ESPNDallas.com columnist Jean-Jacques Taylor and MavsOutsider.com editor in chief Bryan Gutierrez will join me each week to run a three-man weave on a few questions on the minds of Mavs fans.
1. Can Samuel Dalembert get out of the doghouse?
Gutierrez: It's looking like that mountain might be too hard for Dalembert to climb. To show how sad it has gotten for Dalemebert, he got a majority of his minutes against Sacramento when the game was no longer in doubt. Brandan Wright's return is approaching, thus limiting Dalembert's minutes more. With his contract only being partially guaranteed next season, it's shaping up to be that Dallas very well could be another one-and-done stop for Dalembert.
Taylor: The best thing about Rick Carlisle is that his doghouse is not permanent. All Carlisle wants is for players to fill their role. No more, no less. Dalembert isn't doing that. He's supposed to be an above-average defensive player who can give you a little offense. The reality is any team that signs him could not care less about his offense. What they want is consistent defense. Until he provides that, Blair is going to keep starting.
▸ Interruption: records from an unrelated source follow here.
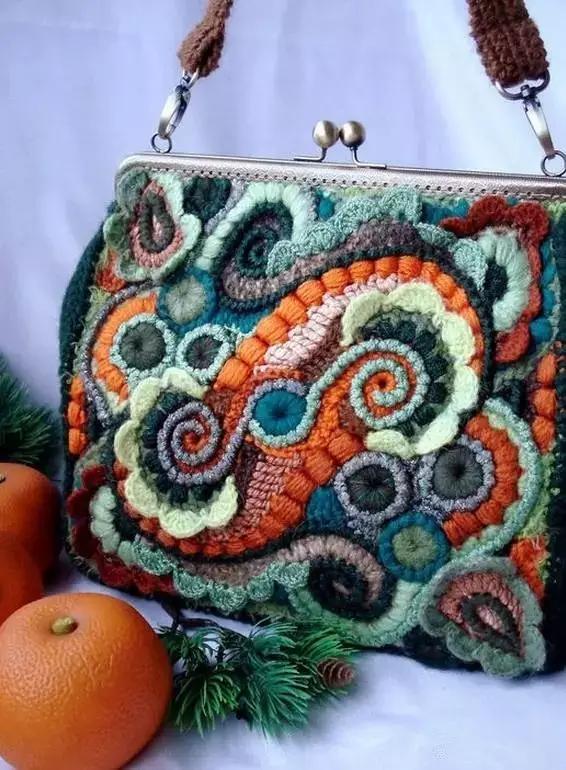 31款超美的爱尔兰钩花包，绝对让你爱不释手，独特的美！附教程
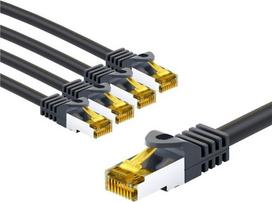 Goobay RJ45 CAT 6A S/FTP (PiMF) tinklo jungiamasis kabelis, 500 MHz, su CAT 7 kabeliu, 2 m, juodas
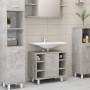Armario de baño contrachapada gris hormigón 60x32x53,5 cm de vidaXL, Muebles de baño - Ref: Foro24-802637, Precio: 64,78 €, D...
MacMahon: It’s hard to see that happening. Dalembert got demoted before Wright’s return, so it’s logical to think that there will be even less playing time for the big man signed to be the Mavs’ starting center once Wright is ready to roll. This can’t be considered a big surprise. Dalembert was the best of the leftover big men when Dallas had a desperate need to fill a huge hole in the roster this summer, but there’s a reason he’s bounced around the league so much. It always seemed like a matter of time before Dalembert’s tendency to coast wore out Carlisle’s nerves.
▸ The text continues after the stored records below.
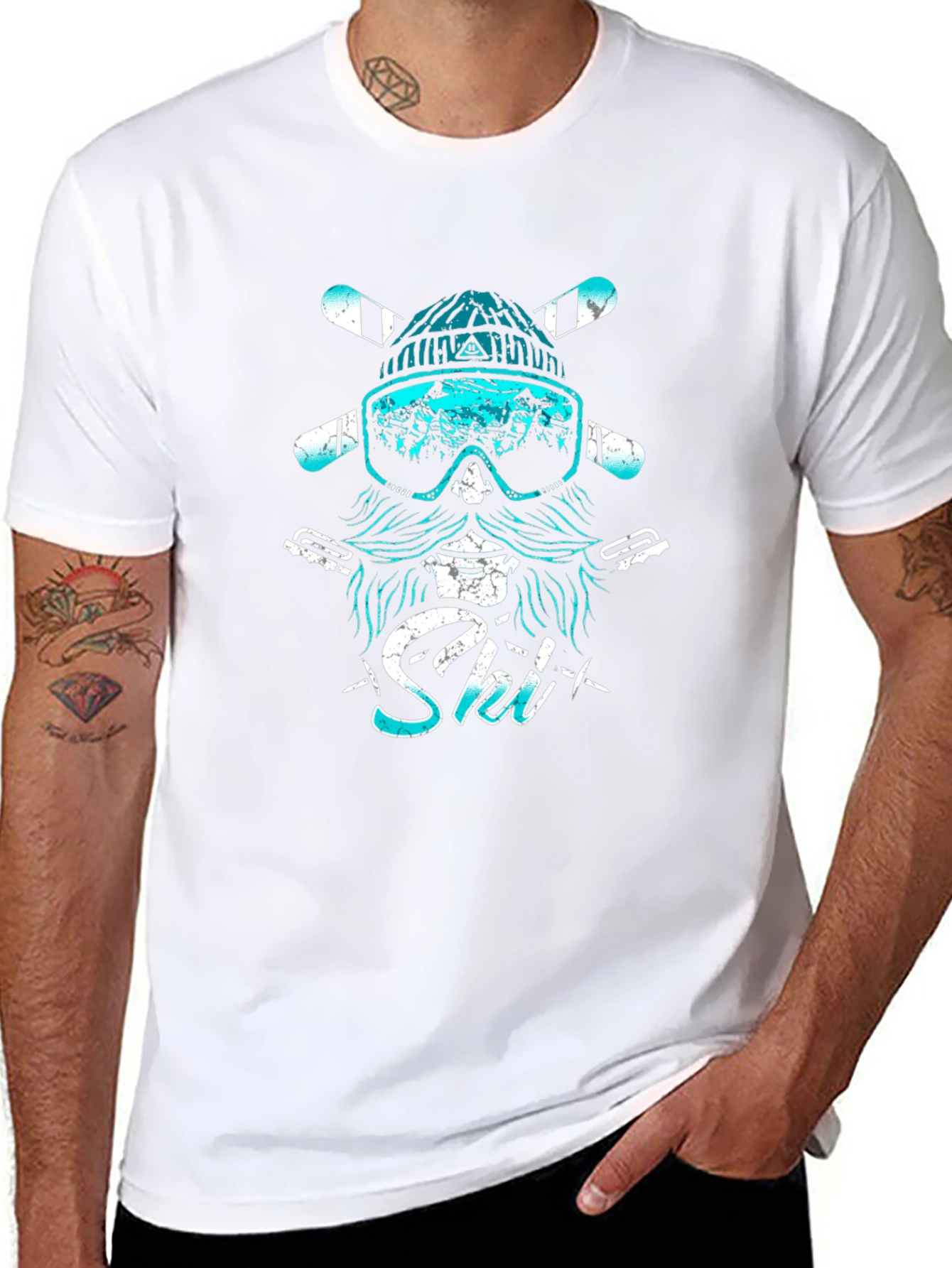 Cool Ski Beard T-Shirt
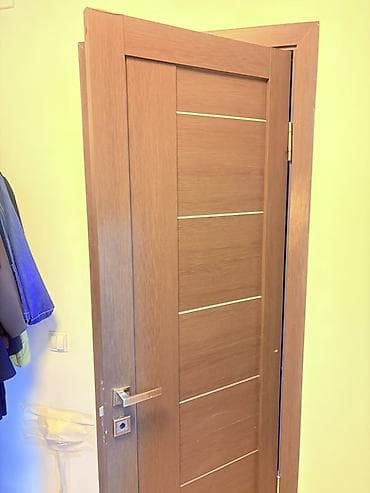 third edition solution: Двери для домов и квартир, Одностворчатая, Правосторонняя, цвет - Коричневый — 1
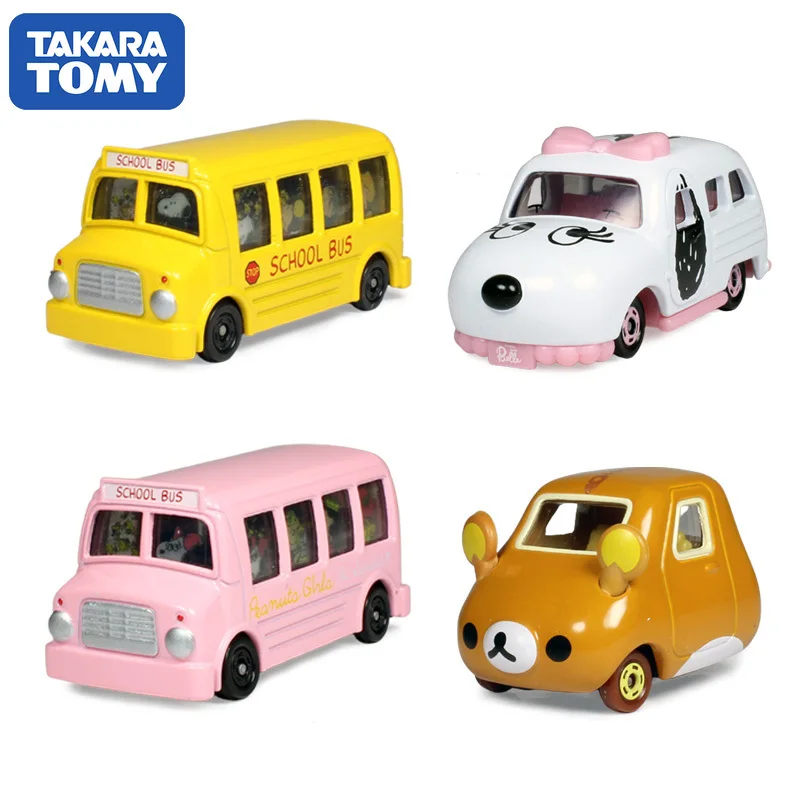 Tomy Tomica Коллекционная модель автомобиля из сплава металлическая игрушка Snoopy Bus Belle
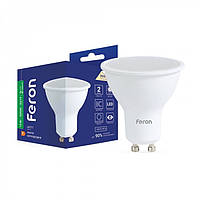 Led лампа 10Вт GU10 3000K MR16 білий теплий Feron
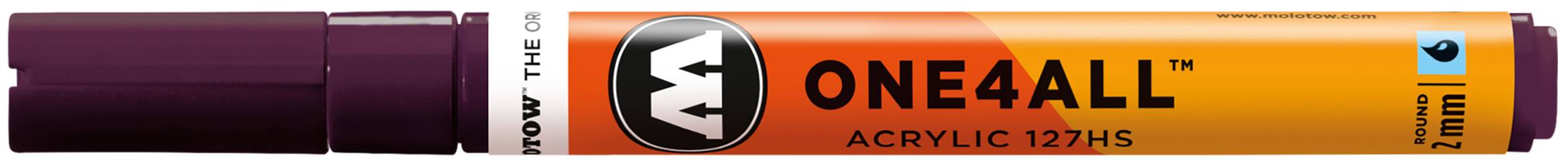 Acrylmarker ONE4ALL ACRYLIC 127HS 2mm, Nr. 233, purpurviolett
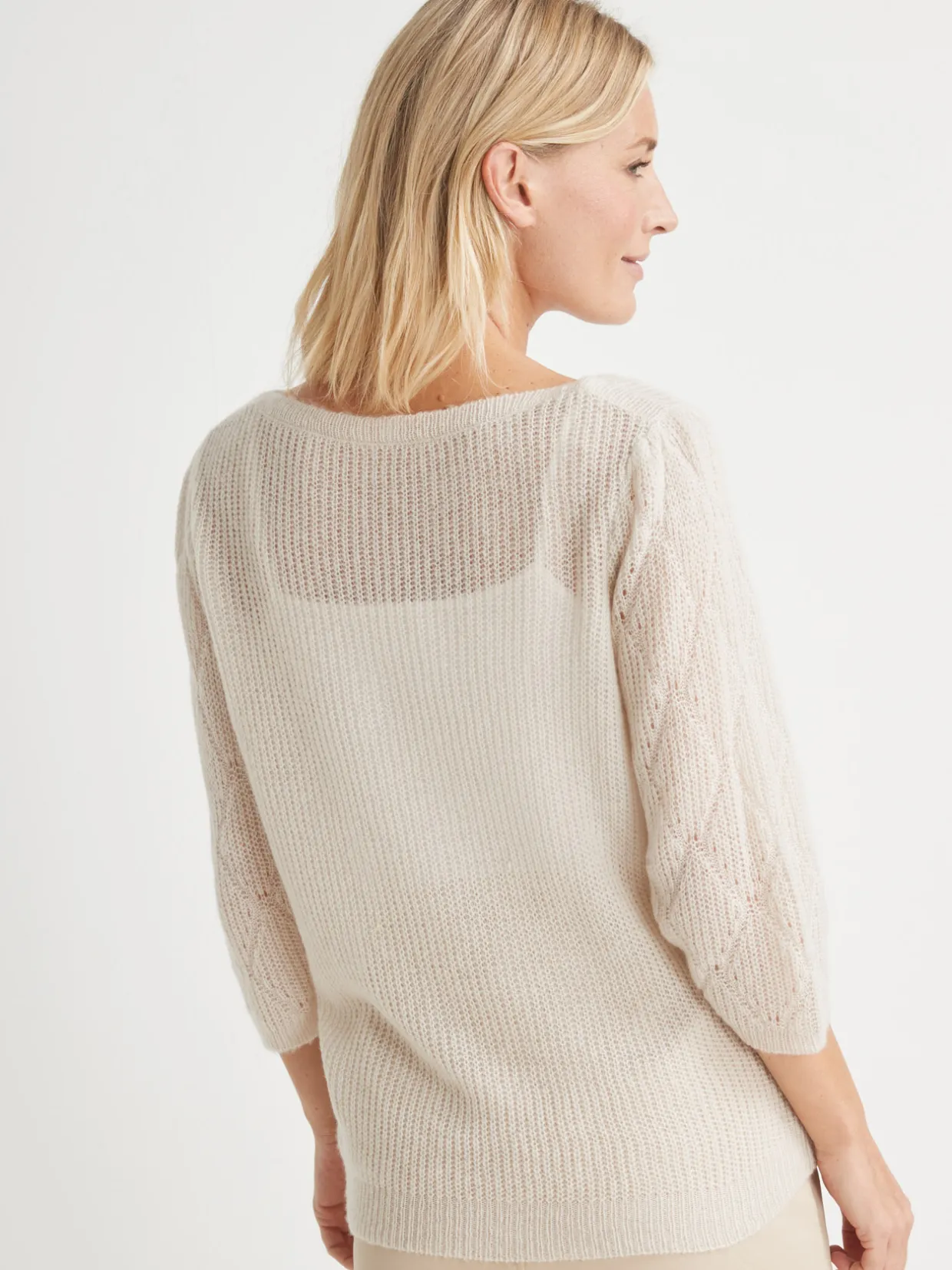 Femme Daxon Pull en côtes perlées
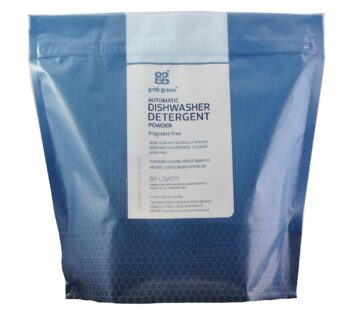 Grab Green Automatic Dishwashing Detergent Powder 3.17 lbs, 80 Loads, Fragrance Free, Plant and Mineral Based, Superior Cleaning, Powerful Grease Removal, Brilliant Shine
2. Is the buzzer-beating win over the Trail Blazers or the blowout loss to the Kings more meaningful in the grand scheme of things?
Gutierrez: I'm going to say the Portland win is more meaningful simply because they were susceptible to falling into the trap of an emotional letdown against Sacramento. That said, the Mavs should be fully aware that they can't afford to have any slippage and that they have to play the full 48 minutes in order to get a win.
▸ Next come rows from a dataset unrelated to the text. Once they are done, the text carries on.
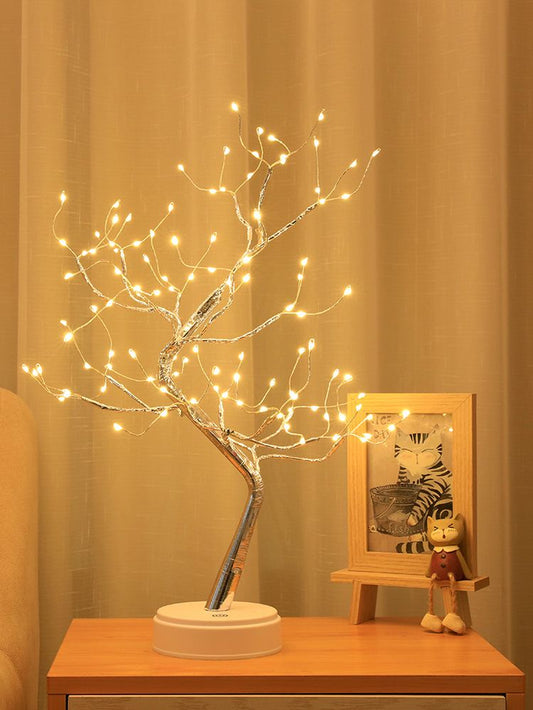 Tabletop Tree Lamp, Decorative LED Lights USBHome Harmony EssentialsHome Harmony EssentialsHome Decor

Key Features:
【DIY Design】 Bonsai style design, natural tree shape will add vitality to your home. The branches can be bent to easily adjust the shape of the tree,Tabletop Tree Lamp, Decorative LED Lights USB or AA Battery Powered fo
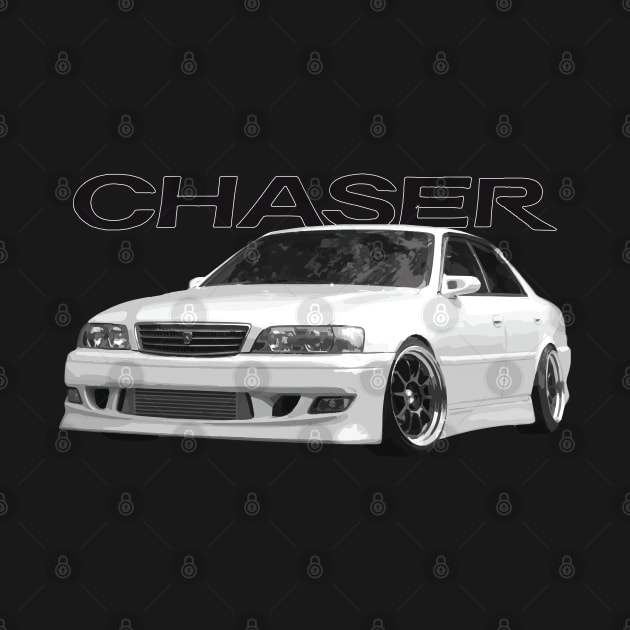 JZX100 TRD TOURER V CHASER MARK II tOYOTA Drift 1jz street car by cowtown_cowboy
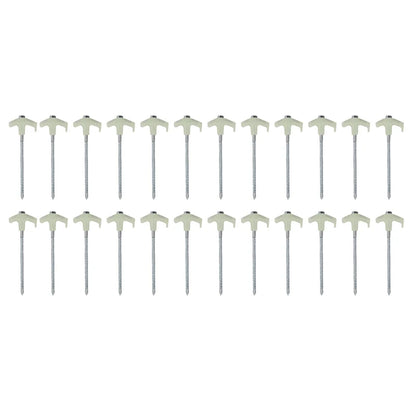 Oztrail 25 Piece Screw-In Tent Peg Set Glow in the dark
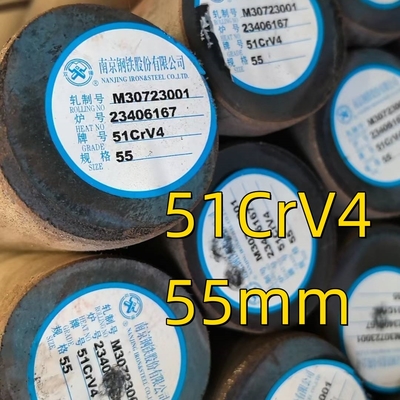 Hot Rolled 51CrV4 Spring Alloy Rod 6m Panjang ASTM AISI 6150 DIN1.8169 Steel Round Bar
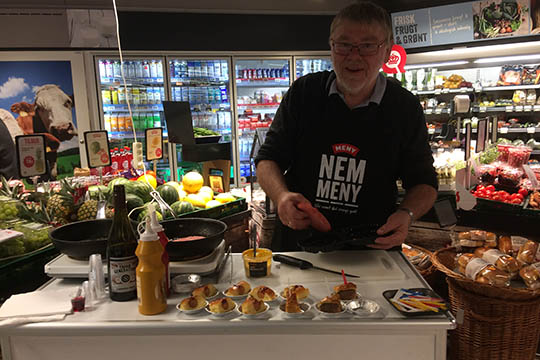 Meny s�tter fokus p� smagen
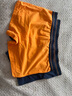 Schiesser舒雅男士内裤平角裤精梳棉Becover系列透气中腰2件装E5/20084T E5/20084T宝蓝+橘色 2条 XL 实拍图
Taylor: Nothing meaningful happens in the NBA until after the All-Star break. The win over Portland shows what the Mavs can do on a night they're focused and play well and the Kings loss showed them they're not good enough to mail in a performance against any team. These are all little lessons that help a team grow, learn and understand its capabilities. As long as they’re in the thick of the playoff race, no win or loss has huge implications attached to it until after the All-Star break.
MacMahon: I’ll say the slip-up in Sacramento, but that’s because it’s a night that Carlisle can use as a coaching tool the rest of the season. The Mavs aren’t good enough to assume a win against anyone, even a bad team with a depleted roster while waiting on the day after a trade. The thriller in Portland is proof that the Mavs are capable of competing against the West’s best. Maybe that’s a confidence boost, but I don’t think this team has any self-esteem issues. They have major defensive issues that require constant intensity and attention to detail to address. Just show up and lace up the shoes? Well, Carlisle can always remind his players of what happened in Sacramento.
3. What should the Mavs be willing to offer for Omer Asik?
Gutierrez: Dallas doesn't have a first-round pick to dangle, but it has pieces in the form of Shawn Marion, Brandan Wright, Samuel Dalembert and Vince Carter that, in theory, would be appealing to Houston. The problem with trading Marion away is you're creating another hole by trading him to acquire Asik. That said, Dallas knows how valuable a defensive-minded big man can be to this new core. For Asik, the Mavericks should be willing to pursue, whether Marion or the other players listed above are involved.
Taylor: Is he going to help them win a title? Is he a max contract player? Is he a budding superstar? I can't say we know enough to determine whether he's capable of being a perennial All-Star. Until we do, I'm not mortgaging what little future the Mavs have for him. Dirk Nowitzki and Monta Ellis are safe. Everyone else is fair game -- not that I think the Rockets would want anything else.
MacMahon: The only three players on the roster I wouldn’t be willing to discuss in a deal for Asik are Dirk Nowitzki, Monta Ellis and Jose Calderon. Anyone else is open game. I’ve floated the idea of offering Dalembert and Vince Carter -- an idea I borrowed with permission from Mavs broadcasting legend Bob Ortegel -- but those two guys haven’t exactly boosted their trade value. Marion for Asik? That makes some sense for the Rockets, but Houston might get more attractive offers. It’d create a hole at small forward, but it’d fill the Mavs’ desperate need for a dependable defensive force in the middle. The problem: The Rockets will probably get more attractive offers than the Mavs can reasonably make.